_WHAT THE TASK ASKS_
Each line of the material should be set down exactly. Pictures are not part of the copy.

_TASK DATA_

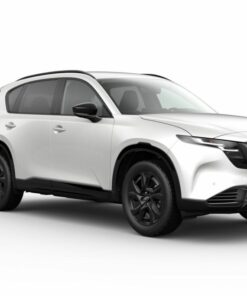 Mazda CX-5 2026 MX-5 IGRAND TOURING TA 2026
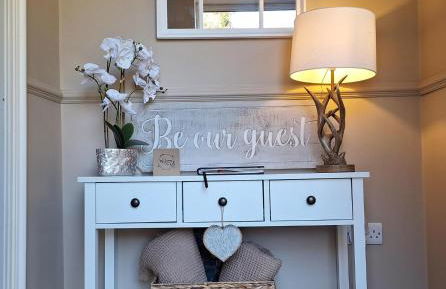 White Mountain Cottage - Foto 8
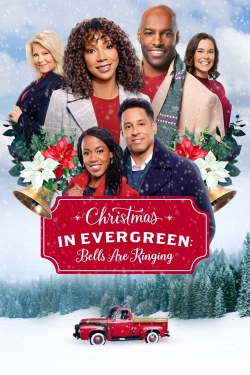 Christmas in Evergreen: Bells Are Ringing-fmovies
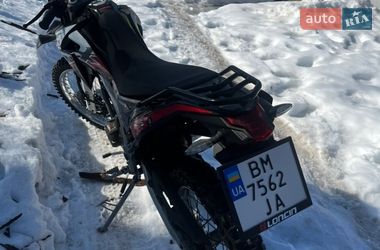 Мотоцикл Многоцелевой (All-round) Loncin LX 250GY-3K SX2 2025 в Шостке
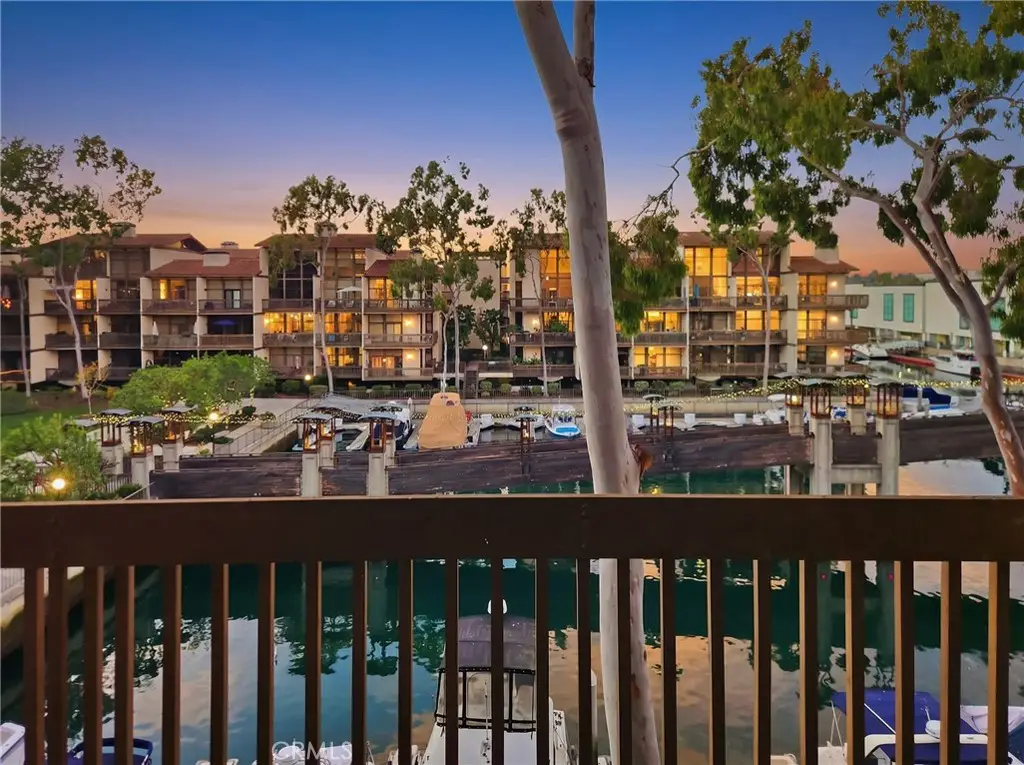 8321 Marina Pacifica N, Long Beach, CA 90803 - Image #1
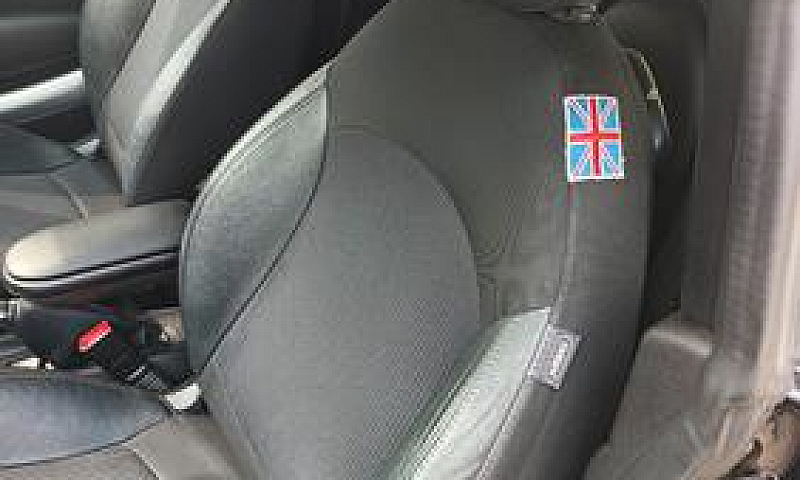Mini Mini Coupé (R58...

_WRITTEN SOLUTION_
 Mazda CX-5 2026 MX-5 IGRAND TOURING TA 2026
 White Mountain Cottage - Foto 8
 Christmas in Evergreen: Bells Are Ringing-fmovies
 Мотоцикл Многоцелевой (All-round) Loncin LX 250GY-3K SX2 2025 в Шостке
 8321 Marina Pacifica N, Long Beach, CA 90803 - Image #1
Mini Mini Coupé (R58...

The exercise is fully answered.